[Data entries]
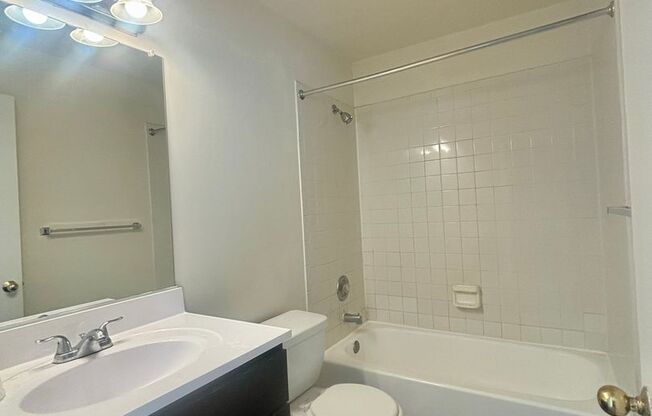 1 bed, 1 bath, 600 sqft, $1,649, Unit 504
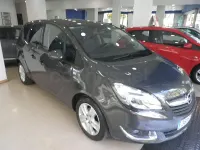 Usado Opel Meriva Selective 120 CV (88 kW) 2016 Gris / plata Monovolumen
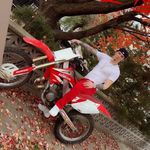 Profile Picture of Ryan Teschner (@off.whit3) on Instagram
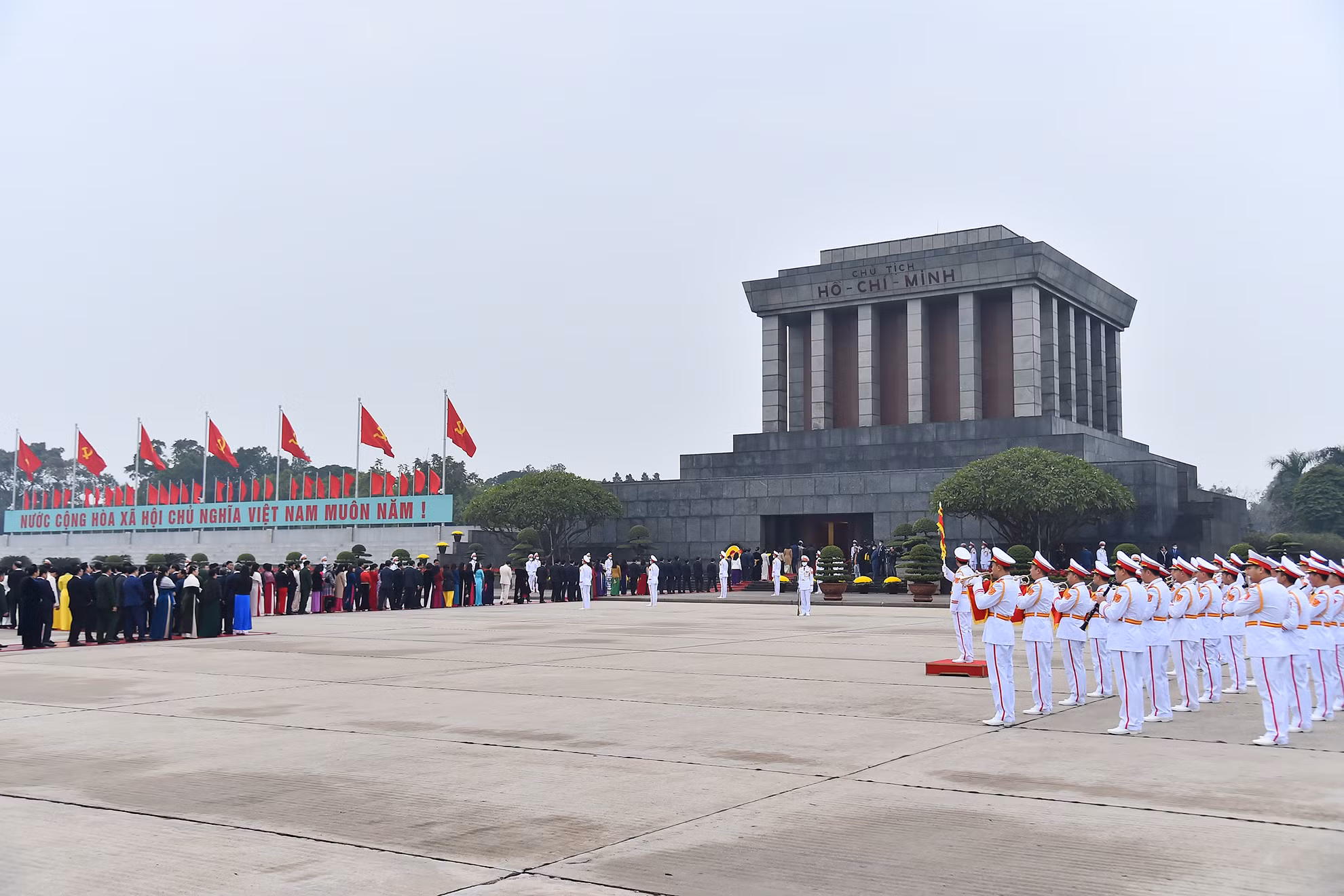 Quang cảnh lễ viếng Chủ tịch Hồ Chí Minh tại Quảng trường Ba Đình sáng 5/1. Quang cảnh lễ viếng Chủ tịch Hồ Chí Minh tại Quảng trường Ba Đình sáng 5/1.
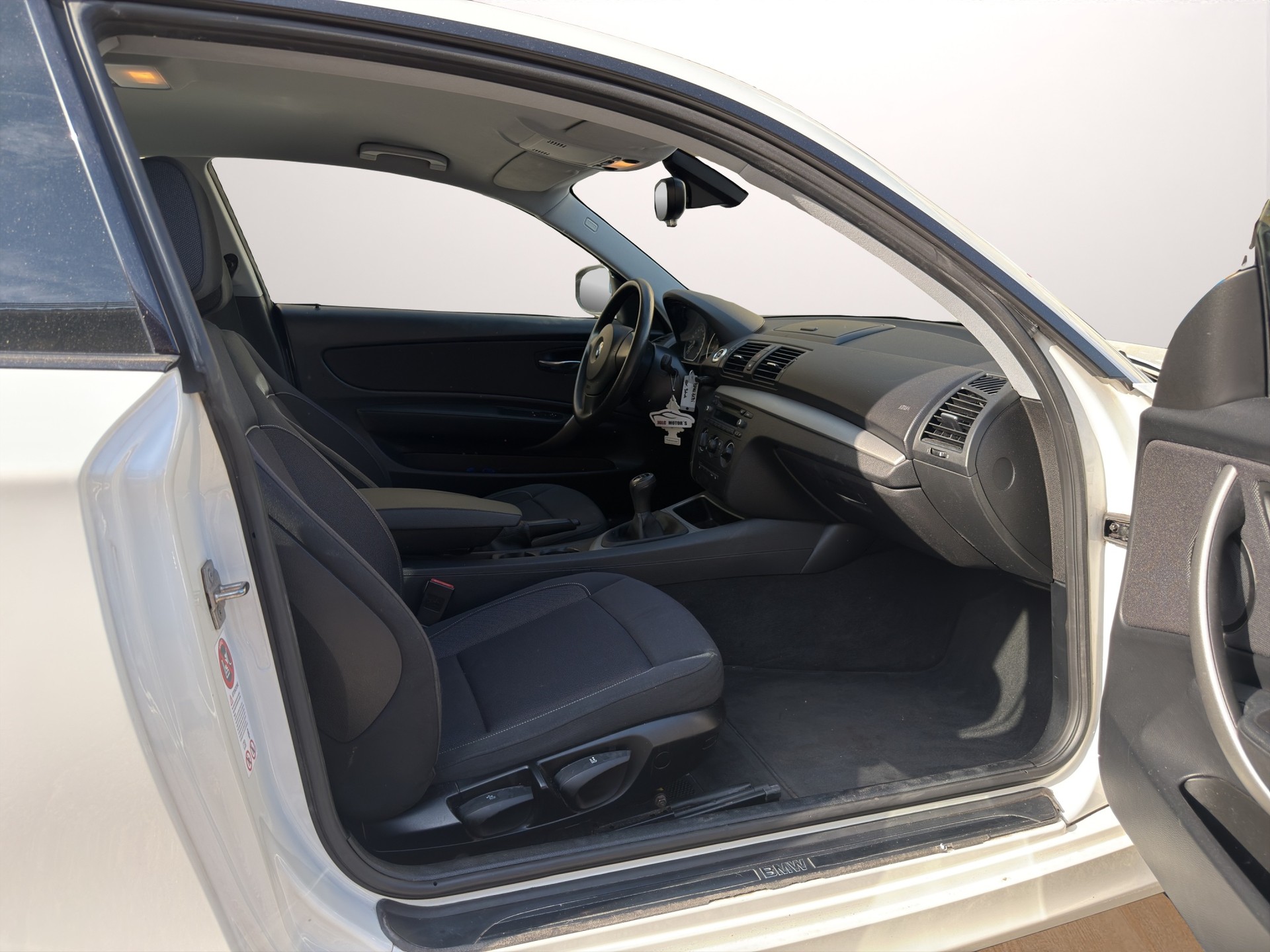BMW 118i Dynamic Edition Steptronic-image-13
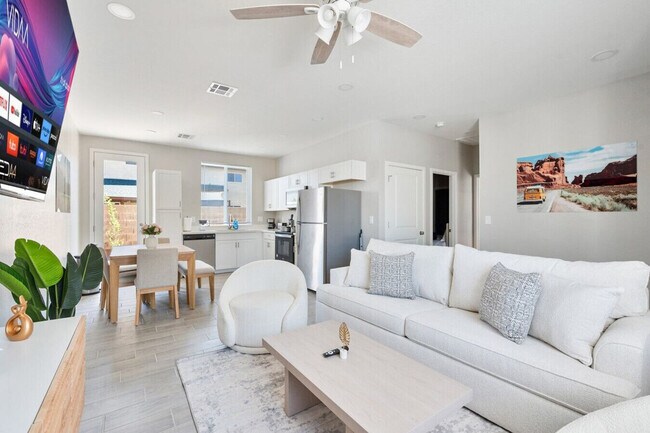 6606 W Paradise Ln unit ID1240447P, Glendale, AZ 85306 - photo 3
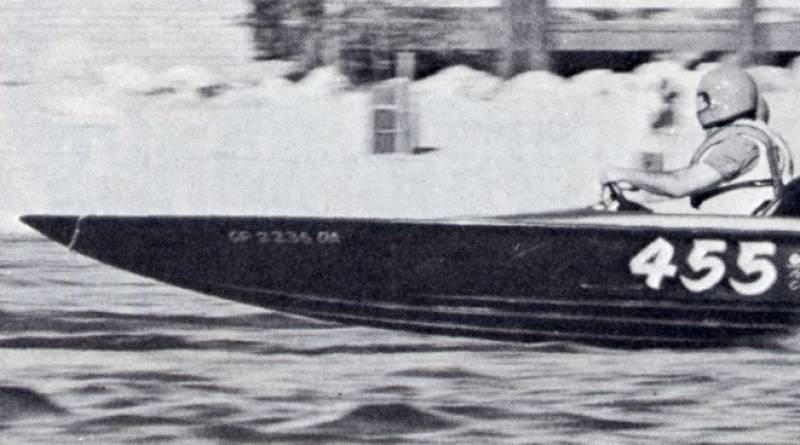 455 Nice and Easy Jerry Wright of Hardin Marine puts Nice 'N Easy through its paces on the way to another Jet Class circle race victory.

**Exercise objective**
The expected output is the full data above, reproduced exactly with no images.

**Task answer**
 1 bed, 1 bath, 600 sqft, $1,649, Unit 504
 Usado Opel Meriva Selective 120 CV (88 kW) 2016 Gris / plata Monovolumen
 Profile Picture of Ryan Teschner (@off.whit3) on Instagram
 Quang cảnh lễ viếng Chủ tịch Hồ Chí Minh tại Quảng trường Ba Đình sáng 5/1. Quang cảnh lễ viếng Chủ tịch Hồ Chí Minh tại Quảng trường Ba Đình sáng 5/1.
BMW 118i Dynamic Edition Steptronic-image-13
 6606 W Paradise Ln unit ID1240447P, Glendale, AZ 85306 - photo 3
 455 Nice and Easy Jerry Wright of Hardin Marine puts Nice 'N Easy through its paces on the way to another Jet Class circle race victory.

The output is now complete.